→ REQUIRED WORK
Could you reproduce the lines below from the one with "3er - Trophäen Serie gold / blau" through the one with "Wedding guests wearing a mask in 2020"? Keep both ends and add nothing.

→ GIVEN DATA
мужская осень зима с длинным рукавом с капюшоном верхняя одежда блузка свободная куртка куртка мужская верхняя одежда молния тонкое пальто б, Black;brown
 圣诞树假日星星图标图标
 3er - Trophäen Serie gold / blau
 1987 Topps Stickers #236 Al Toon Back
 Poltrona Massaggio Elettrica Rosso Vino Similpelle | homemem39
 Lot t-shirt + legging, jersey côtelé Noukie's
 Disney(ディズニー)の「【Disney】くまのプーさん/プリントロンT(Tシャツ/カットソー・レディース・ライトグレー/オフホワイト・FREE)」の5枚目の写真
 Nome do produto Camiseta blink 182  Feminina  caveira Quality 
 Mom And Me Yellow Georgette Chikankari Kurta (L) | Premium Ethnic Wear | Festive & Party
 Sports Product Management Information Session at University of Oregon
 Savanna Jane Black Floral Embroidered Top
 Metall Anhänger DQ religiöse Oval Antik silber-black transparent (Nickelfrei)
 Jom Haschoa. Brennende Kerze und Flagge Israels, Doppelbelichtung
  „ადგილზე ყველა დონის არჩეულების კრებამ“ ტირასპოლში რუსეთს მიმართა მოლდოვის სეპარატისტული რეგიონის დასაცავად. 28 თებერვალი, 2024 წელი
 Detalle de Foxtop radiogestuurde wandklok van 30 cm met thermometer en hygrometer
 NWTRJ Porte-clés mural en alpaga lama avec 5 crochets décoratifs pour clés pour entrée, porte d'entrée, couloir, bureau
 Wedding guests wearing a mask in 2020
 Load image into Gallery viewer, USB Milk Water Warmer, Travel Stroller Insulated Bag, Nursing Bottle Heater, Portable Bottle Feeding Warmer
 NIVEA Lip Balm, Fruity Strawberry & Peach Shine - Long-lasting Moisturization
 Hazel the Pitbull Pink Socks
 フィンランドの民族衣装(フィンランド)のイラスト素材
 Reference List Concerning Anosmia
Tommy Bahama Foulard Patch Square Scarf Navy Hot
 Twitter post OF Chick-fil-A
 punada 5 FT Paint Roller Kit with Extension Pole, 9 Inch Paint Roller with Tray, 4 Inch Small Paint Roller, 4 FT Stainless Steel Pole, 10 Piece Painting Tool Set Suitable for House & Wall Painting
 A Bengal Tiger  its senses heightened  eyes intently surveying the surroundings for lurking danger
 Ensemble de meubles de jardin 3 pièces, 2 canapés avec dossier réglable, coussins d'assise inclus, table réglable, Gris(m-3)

→ TASK SOLUTION
 3er - Trophäen Serie gold / blau
 1987 Topps Stickers #236 Al Toon Back
 Poltrona Massaggio Elettrica Rosso Vino Similpelle | homemem39
 Lot t-shirt + legging, jersey côtelé Noukie's
 Disney(ディズニー)の「【Disney】くまのプーさん/プリントロンT(Tシャツ/カットソー・レディース・ライトグレー/オフホワイト・FREE)」の5枚目の写真
 Nome do produto Camiseta blink 182  Feminina  caveira Quality 
 Mom And Me Yellow Georgette Chikankari Kurta (L) | Premium Ethnic Wear | Festive & Party
 Sports Product Management Information Session at University of Oregon
 Savanna Jane Black Floral Embroidered Top
 Metall Anhänger DQ religiöse Oval Antik silber-black transparent (Nickelfrei)
 Jom Haschoa. Brennende Kerze und Flagge Israels, Doppelbelichtung
  „ადგილზე ყველა დონის არჩეულების კრებამ“ ტირასპოლში რუსეთს მიმართა მოლდოვის სეპარატისტული რეგიონის დასაცავად. 28 თებერვალი, 2024 წელი
 Detalle de Foxtop radiogestuurde wandklok van 30 cm met thermometer en hygrometer
 NWTRJ Porte-clés mural en alpaga lama avec 5 crochets décoratifs pour clés pour entrée, porte d'entrée, couloir, bureau
 Wedding guests wearing a mask in 2020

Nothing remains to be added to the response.